Woody owns a lot of land in Christiansburg and has built a lot of homes. One of his parcels on the northwest side of town sports a gargantuan pile of dirt. The weed-topped peak mars the landscape.
Not surprisingly, some town residents grew tired of looking at "Mount Woody." Two of them, Terry Ellen Carter and Tacy Newell-Foutz, operate a blog at thinkchristiansburg.com where they write about many local issues. One day, they took on Woody, his topsoil and the town that allows it to remain.
There's nothing illegal about Woody's pile of dirt. He follows the town code in his business. That's not saying much in a town with such lax development standards, but there it is. Legal isn't always pretty.
Woody could have responded to the bad PR amicably. He could have talked to critics and sought a mutually agreeable resolution to their concerns. Instead, he unleashed his lawyer.
Woody alleges that Carter and Newell-Foutz orchestrated a conspiracy to bring him down. Their mean words, he claims, cost his business millions. Never mind that the entire housing industry has tanked. Those meddling women and their blog must be responsible for his poor home sales.
He filed suit last week asking for more than $10 million in damages and punitive awards. Inexplicably, he also named Christiansburg residents Meghan Dorsett and Carol Lindstrom as participants in the conspiracy. They have nothing to do with thinkchristiansburg.com.
The suit also mentions The Roanoke Times, but not as a defendant.
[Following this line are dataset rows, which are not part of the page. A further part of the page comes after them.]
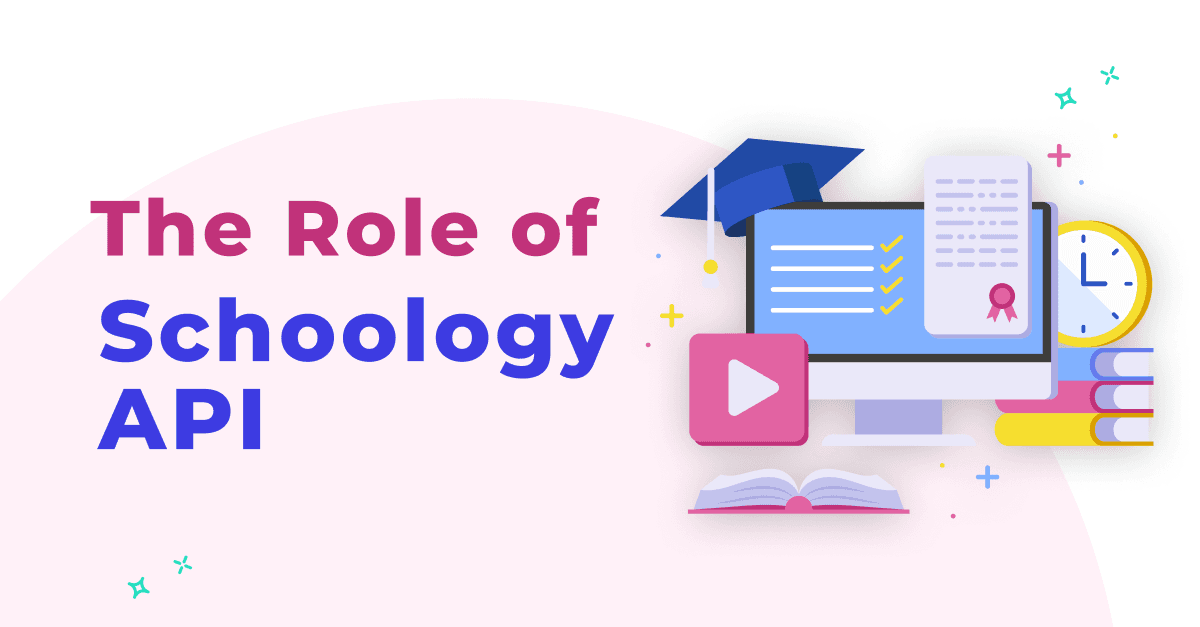 Future Trends in LMS Integration: The Role of Schoology API 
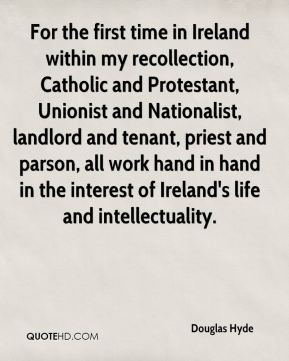 Douglas Hyde - For the first time in Ireland within my recollection ...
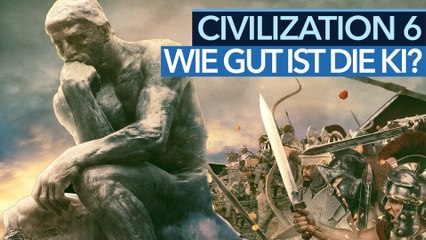 Civilization 6 - Die KI im Test - was hat sie drauf?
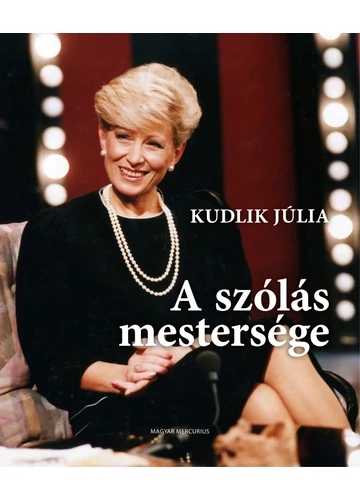 A szólás mestersége  Kudlik Júlia, konyvaruhaz.eu,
There's a term for this type of lawsuit: Strategic Litigation Against Public Participation. A SLAPP suit threatens average citizens with overwhelming court costs and potential judgments if they don't shut up.
Virginia outlawed such lawsuits last year, but only in the context of speaking at public meetings. People who express an opinion online still risk facing a lawsuit from a developer used to having his own way in town.
If Woody wants people to speak well of him, he should deal with the dirt pile and other things that have tweaked residents, not file frivolous lawsuits intended to squelch public discourse.